Required work: Pictures are to be dropped. Everything else in the listing gets copied exactly.
START Recorded information
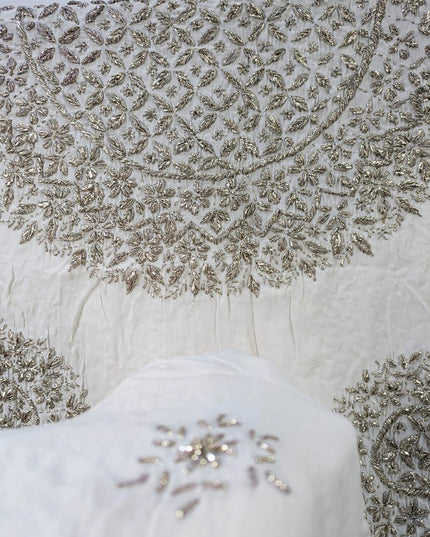 Fancy Handmade Full Jaal Gotta Work Dyeable Silk Dupatta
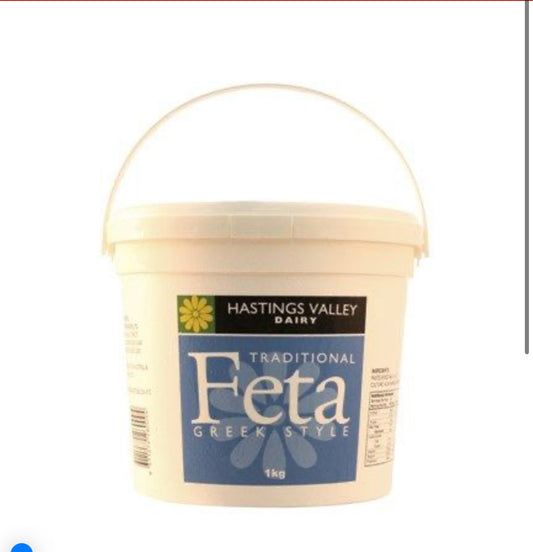 Hastings Valley Feta Traditional 1kg (Bella)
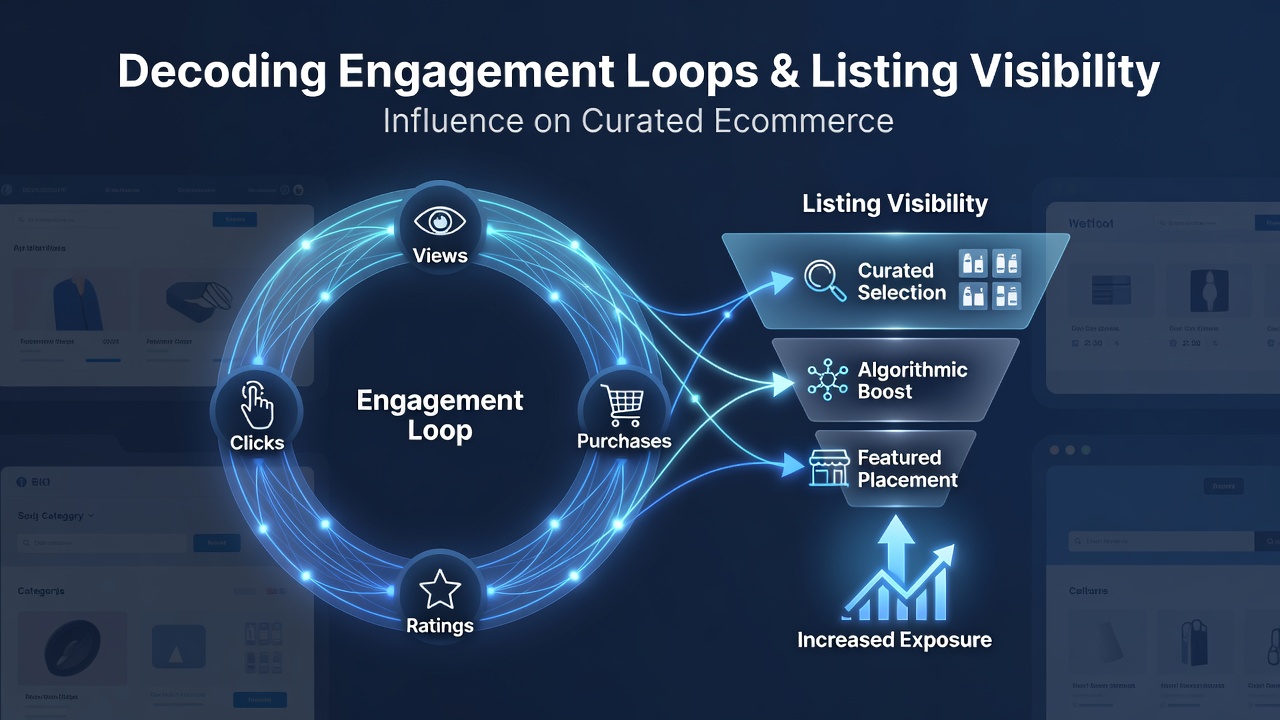 Decoding Engagement Loops and Their Influence on Listing Visibility Within Curated Ecommerce Environments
END Recorded information
Exercise result:
 Fancy Handmade Full Jaal Gotta Work Dyeable Silk Dupatta
 Hastings Valley Feta Traditional 1kg (Bella)
 Decoding Engagement Loops and Their Influence on Listing Visibility Within Curated Ecommerce Environments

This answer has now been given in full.